New-found pulsars start to crack gamma-ray source mystery
Astronomers using the Parkes 64-m radio telescope in Australia have found about 30 young, energetic pulsars, which may be the counterparts of otherwise unidentified Galactic gamma-ray sources. Two have already been found to be good matches for sources detected by EGRET. The results are presented today [Thursday 5 April] at the "Gamma-Ray Astrophysics 2001" Symposium in Baltimore by Dr. Nichi D'Amico of the Osservatorio Astronomico di Bologna, Italy. The members of the research team are Dr. D'Amico, Professor Victoria Kaspi (McGill University, Canada), Dr. Richard Manchester (Australia Telescope National Facility, Australia), Dr. Fernando Camilo (Columbia University, USA), Professor Andrew Lyne (University of Manchester, Jodrell Bank Observatory), Dr. Andrea Possenti (Osservatorio Astronomico di Bologna, Italy), Dr. Ingrid Stairs (National Radio Astronomy Observatory, USA), Dr. Michael Kramer and Mr George Hobbs (University of Manchester, Jodrell Bank Observatory), and Dr. Jon Bell (Australia Telescope National Facility, Australia).

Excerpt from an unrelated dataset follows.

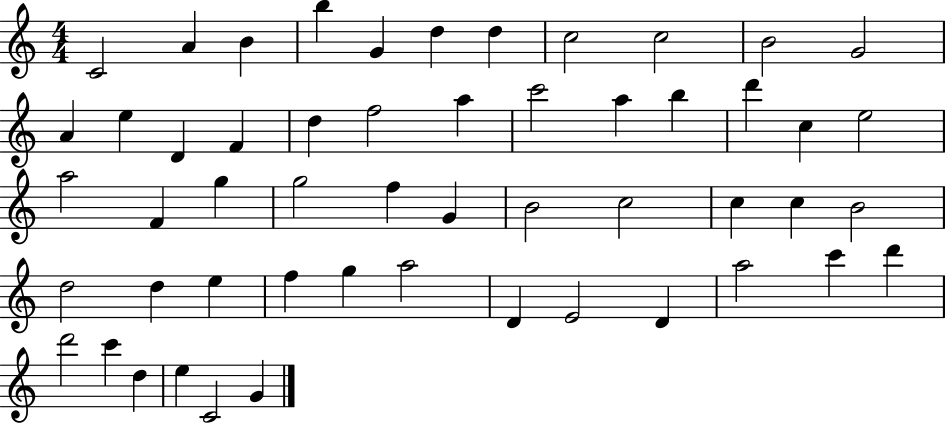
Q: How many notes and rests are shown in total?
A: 53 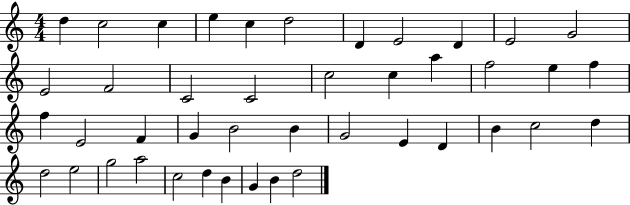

Gamma-ray observations were pioneered in the 1970s by the SAS-2 and COS-B satellites, launched by NASA and ESA respectively. But three decades later many gamma-ray sources still defy identification. To date, less than half of the gamma-ray sources observed with the EGRET (Energetic Gamma Ray Experiment) instrument on the Compton Gamma Ray Observatory satellite have been identified. The main difficulty in finding counterparts to gamma-ray sources is that gamma rays are very hard to localize, and so the uncertainties in the source positions can be as much as a degree on the sky.
Young pulsars have long been favoured as potential counterparts. The two most powerful gamma-ray sources in the sky are the Crab and Vela pulsars. The third-strongest source, Geminga, is a pulsar, but has been detected only once at radio wavelengths. Seven gamma-ray sources near the Galactic plane have previously been identified as pulsars. "We've now found a further two pulsars that coincide with unidentified EGRET sources, within position uncertainties," said Dr. D'Amico.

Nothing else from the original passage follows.